Wesentlich pädagogischer wäre es in diesem Fall, die Schwelle für ein "Ausreichend" zu verschieben. Inspizieren Sie Ihre Aufgaben noch einmal und legen Sie fest, wie wie viele Verrechnungspunkte Sie mindestens als notwendig für ein "Ausreichend" betrachten. Verschieben Sie den Knick dorthin und schauen Sie sich das Ergebnis an. Die Veränderung könnte im fiktiven Beispiel so aussehen:
Durch eine Verschiebung der "Ausreichend"-Schwelle auf 15 Punkte (Standard: ~32) holen Sie die meisten Schüler/innen aus dem mangelhaften/ungenügenden Bereich. Allerdings erhält die Hälfte der Klasse damit eine Note zwischen 3 und 4,4 (also zwischen "Befriedigend" und "gerade noch Ausreichend"). Die Entscheidung, ob dies den tatsächlichen Leistungsstand der Klasse abbildet, liegt bei Ihnen.
Mit dem Knick-Notenschlüssel des Lehrerfreunds können Sie einen solchen Notenschlüssel (auch für andere Notenskalen) nach Belieben modellieren und bei Bedarf einen Sockel einbauen.
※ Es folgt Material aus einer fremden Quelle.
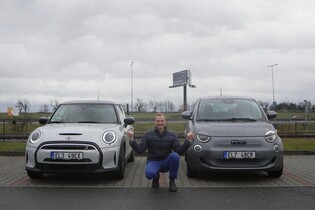 Stylové elektromobily jako dostupné ojetiny: Fiat 500e vs. Mini Cooper SE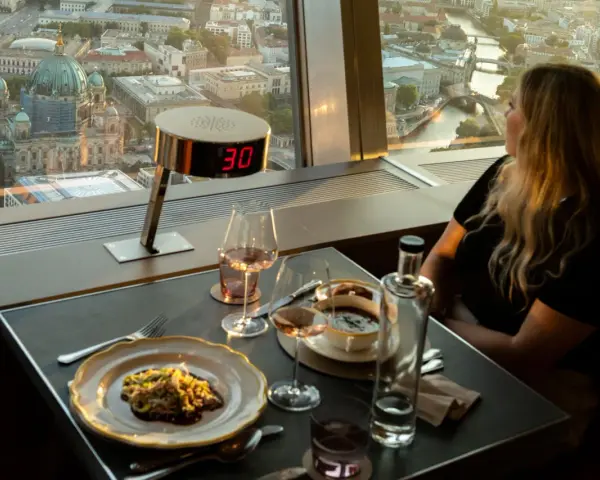 Romantisches Abendessen mit Blick auf Berlin. Perfekte date ideen berlin für einen besonderen Anlass.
Ist es unmoralisch, nachträglich am Notenschlüssel drehen?
Nein:
Sie als Lehrer/in bemerken, dass Sie sich im Anspruchsniveau vergriffen haben - und zwar bemerken Sie es erst dann, wenn die Schüler/innen die Arbeit schon geschrieben haben. Anders ausgedrückt: Die Arbeit war zu schwer, und das war IHR Fehler.
Dann ist es Ihre Pflicht, dafür zu sorgen, dass die Schüler/innen eine faire, ihrem Leistungsstand entsprechende Note bekommen. Entweder schreiben Sie die Arbeit neu oder Sie manipulieren am Notenschlüssel. Es wäre unmoralisch und unpädagogisch, stumpf Ihren geplanten Notenschlüssel durchzuziehen und den Schüler/innen eine ungerechte Note zu geben. Ein großer Teil der Eltern-Schüler-Konflikte dürfte auf diesem Mist wachsen.
In dem skizzierten Szenario ist die nachträgliche Manipulation am Notenschlüssel eindeutig nicht nur erlaubt, sondern sogar pädagogisch notwendig.
Sie könnten natürlich auch eine besonders schwere Aufgabe weglassen. Dadurch würden Sie jedoch möglicherweise den herausragenden Schüler/innen die Möglichkeit verbauen, zu zeigen, was in ihnen steckt. Eine Notenschlüsselmanipulation ist hier wesentlich eleganter.
Ja:
Sie haben eine Klassenarbeit geschrieben, korrigiert - und stellen fest, dass es unverhältnismäßig viele gute oder schlechte Noten gibt. Sie haben Angst vor den Schüler/innen oder Eltern, die sich wegen der vielen schlechten Noten bei Ihnen beschweren könnten; Sie haben Angst vor den Kollegen, die Sie wegen der vielen guten Noten als inkonsequentes Weichei beschimpfen; Sie haben Angst vor dem Direktor, der einen normalverteilten Notenspiegel wünscht.
Deshalb drehen Sie am Notenschlüssel, um den Ansprüchen von außen gerecht zu werden und keinen Ärger zu bekommen. Ein solches Verhalten pervertiert die Idee einer möglichst objektiven Leistungsmessung und löst den Zusammenhang zwischen Unterricht und Noten auf. Die der Notengebung implizite Perversion (nämlich Lernfortschritt in Zahlen ausdrücken zu wollen) wird so auf die Spitze getrieben.
In solchen Fällen wäre eine nachträgliche Manipulation des Notenschlüssels in hohem Maße unpädagogisch und unmoralisch.